Brief descriptive captions:
○ ○ ○ ○ ○
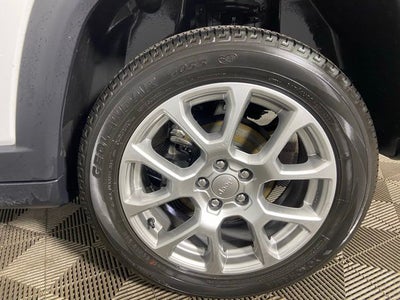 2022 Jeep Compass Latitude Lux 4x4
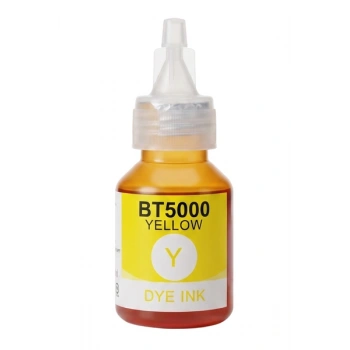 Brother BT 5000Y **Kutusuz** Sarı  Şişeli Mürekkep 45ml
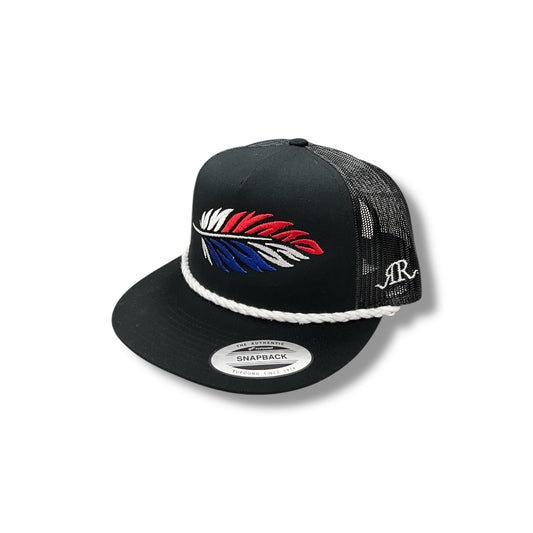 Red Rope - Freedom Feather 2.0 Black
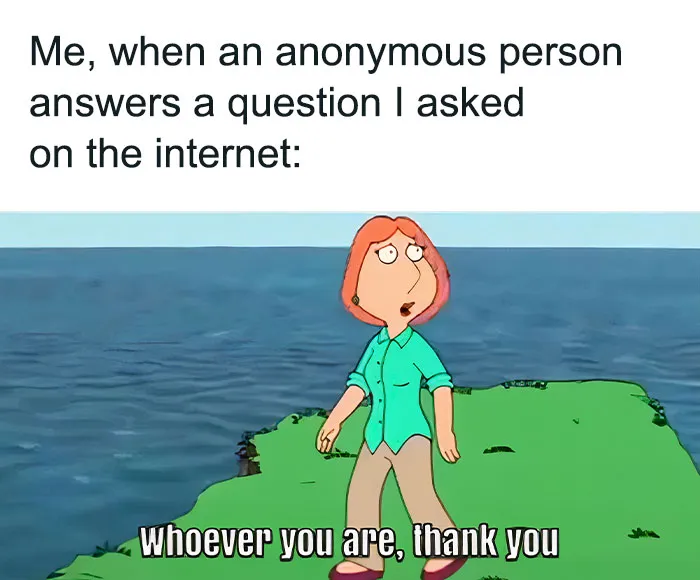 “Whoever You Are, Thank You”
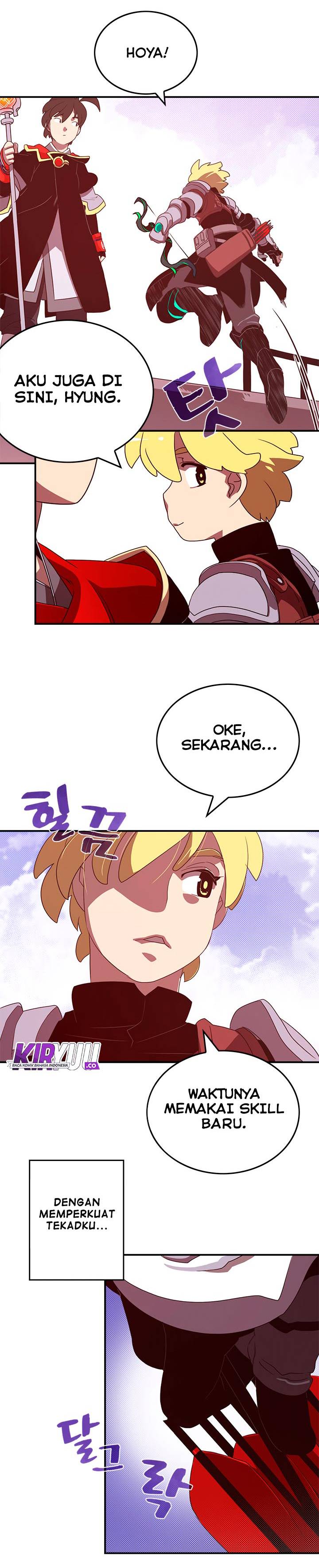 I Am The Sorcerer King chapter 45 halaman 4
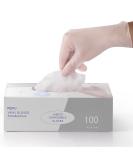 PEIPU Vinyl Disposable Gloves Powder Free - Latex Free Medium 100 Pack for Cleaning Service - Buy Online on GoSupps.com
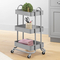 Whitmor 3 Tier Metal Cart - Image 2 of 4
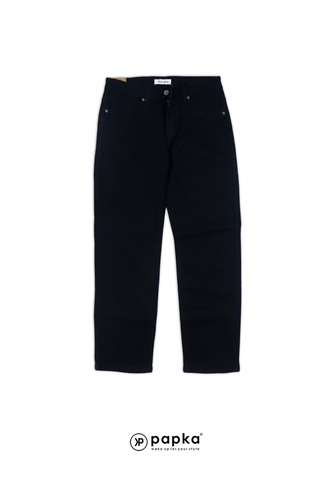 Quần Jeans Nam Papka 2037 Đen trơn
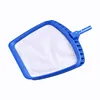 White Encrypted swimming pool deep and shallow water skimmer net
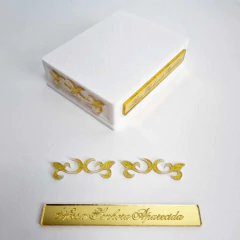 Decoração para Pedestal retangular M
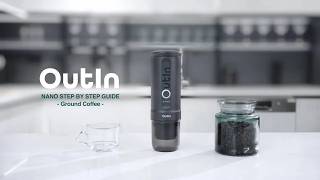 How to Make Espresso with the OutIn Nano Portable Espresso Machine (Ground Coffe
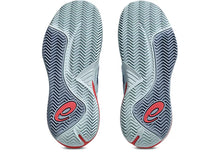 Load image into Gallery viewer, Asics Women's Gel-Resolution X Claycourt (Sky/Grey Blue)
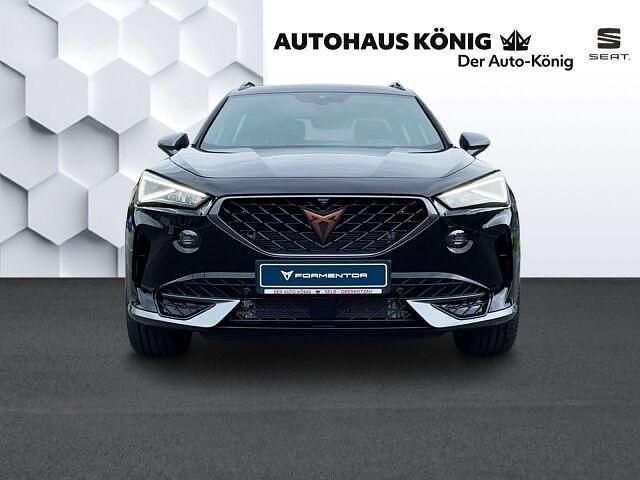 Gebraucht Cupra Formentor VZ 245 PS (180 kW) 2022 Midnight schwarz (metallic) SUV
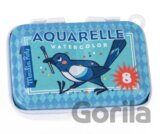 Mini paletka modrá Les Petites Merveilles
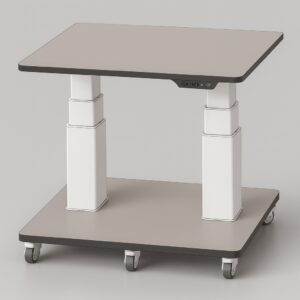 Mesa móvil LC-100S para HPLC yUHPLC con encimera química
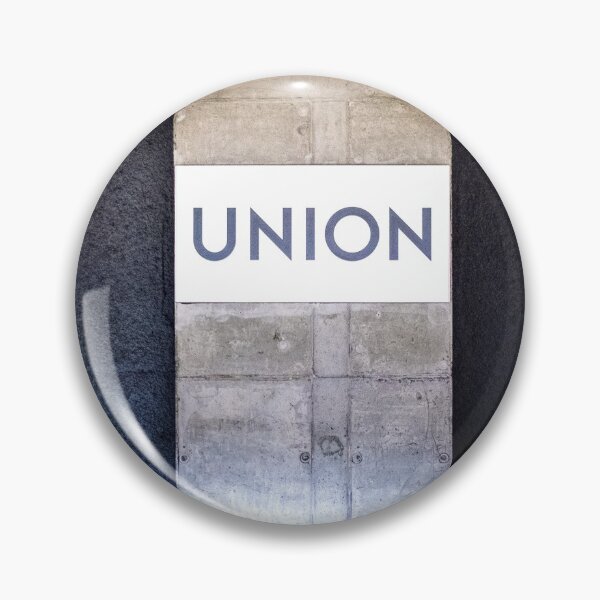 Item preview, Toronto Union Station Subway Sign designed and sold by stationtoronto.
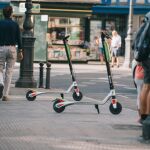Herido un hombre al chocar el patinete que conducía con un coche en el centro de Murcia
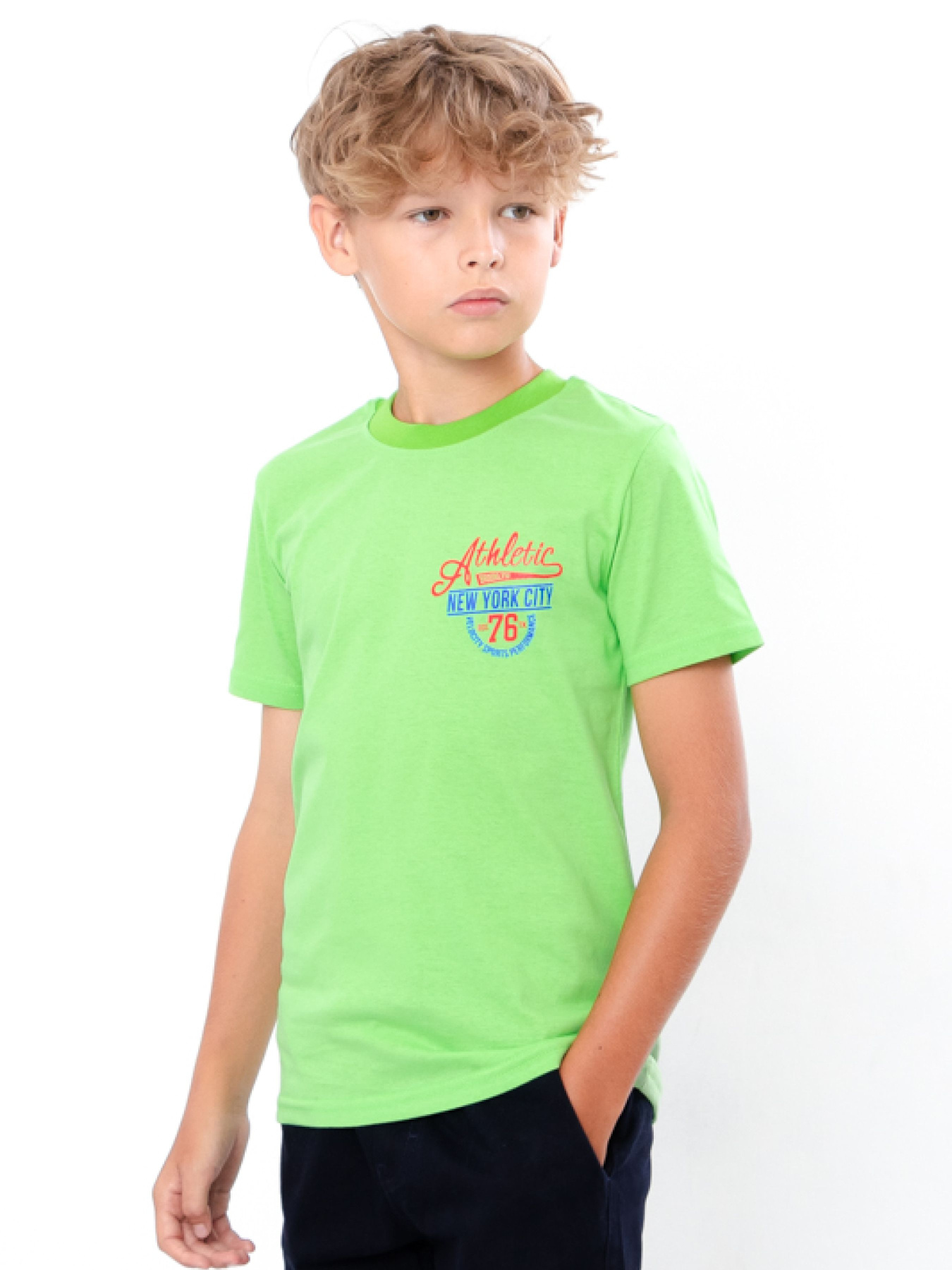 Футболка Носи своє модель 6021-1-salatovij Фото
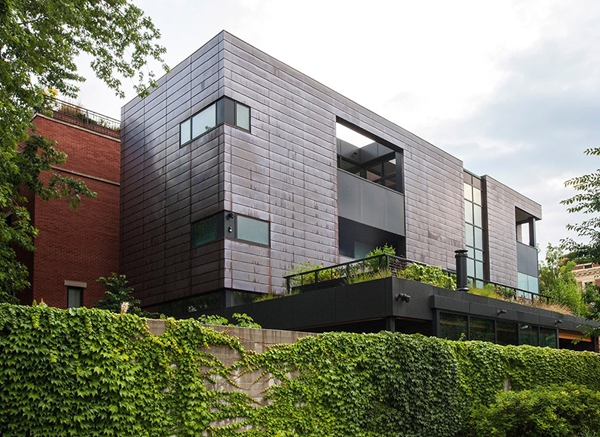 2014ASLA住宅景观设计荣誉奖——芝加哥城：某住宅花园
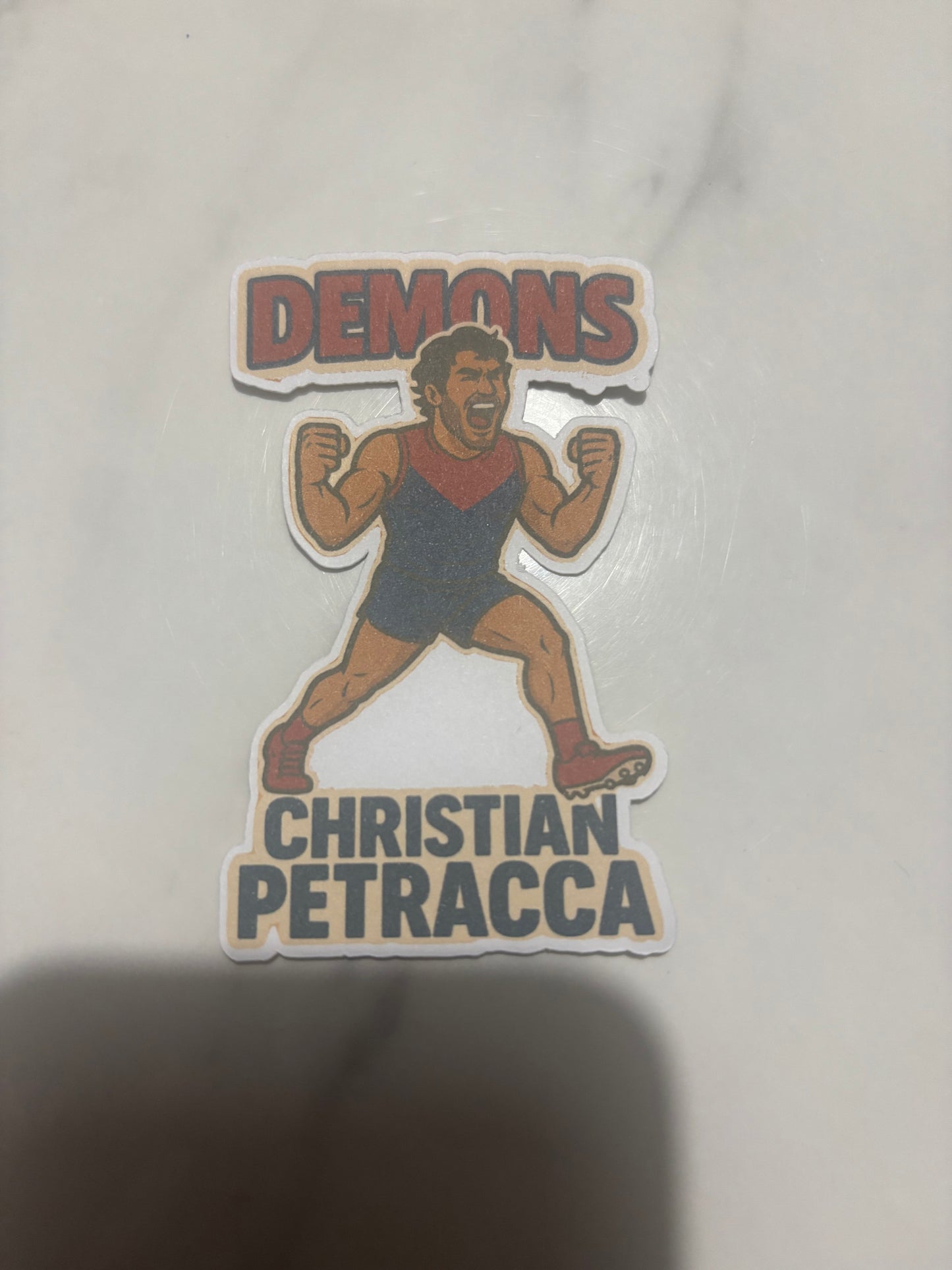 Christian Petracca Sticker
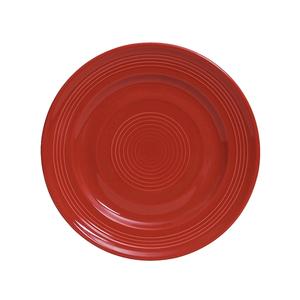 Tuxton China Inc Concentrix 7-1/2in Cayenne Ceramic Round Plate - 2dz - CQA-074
○ ○ ○ ○ ○
Your objective:
Give the preceding data back exactly, minus every picture.

Solution to this problem:
 2022 Jeep Compass Latitude Lux 4x4
 Brother BT 5000Y **Kutusuz** Sarı  Şişeli Mürekkep 45ml
 Red Rope - Freedom Feather 2.0 Black
 “Whoever You Are, Thank You”
 I Am The Sorcerer King chapter 45 halaman 4
 PEIPU Vinyl Disposable Gloves Powder Free - Latex Free Medium 100 Pack for Cleaning Service - Buy Online on GoSupps.com
 Whitmor 3 Tier Metal Cart - Image 2 of 4
 Quần Jeans Nam Papka 2037 Đen trơn
 White Encrypted swimming pool deep and shallow water skimmer net
 Decoração para Pedestal retangular M
 How to Make Espresso with the OutIn Nano Portable Espresso Machine (Ground Coffe
 Load image into Gallery viewer, Asics Women's Gel-Resolution X Claycourt (Sky/Grey Blue)
 Gebraucht Cupra Formentor VZ 245 PS (180 kW) 2022 Midnight schwarz (metallic) SUV
 Mini paletka modrá Les Petites Merveilles
 Mesa móvil LC-100S para HPLC yUHPLC con encimera química
 Item preview, Toronto Union Station Subway Sign designed and sold by stationtoronto.
Herido un hombre al chocar el patinete que conducía con un coche en el centro de Murcia
 Футболка Носи своє модель 6021-1-salatovij Фото
 2014ASLA住宅景观设计荣誉奖——芝加哥城：某住宅花园
 Christian Petracca Sticker
 Tuxton China Inc Concentrix 7-1/2in Cayenne Ceramic Round Plate - 2dz - CQA-074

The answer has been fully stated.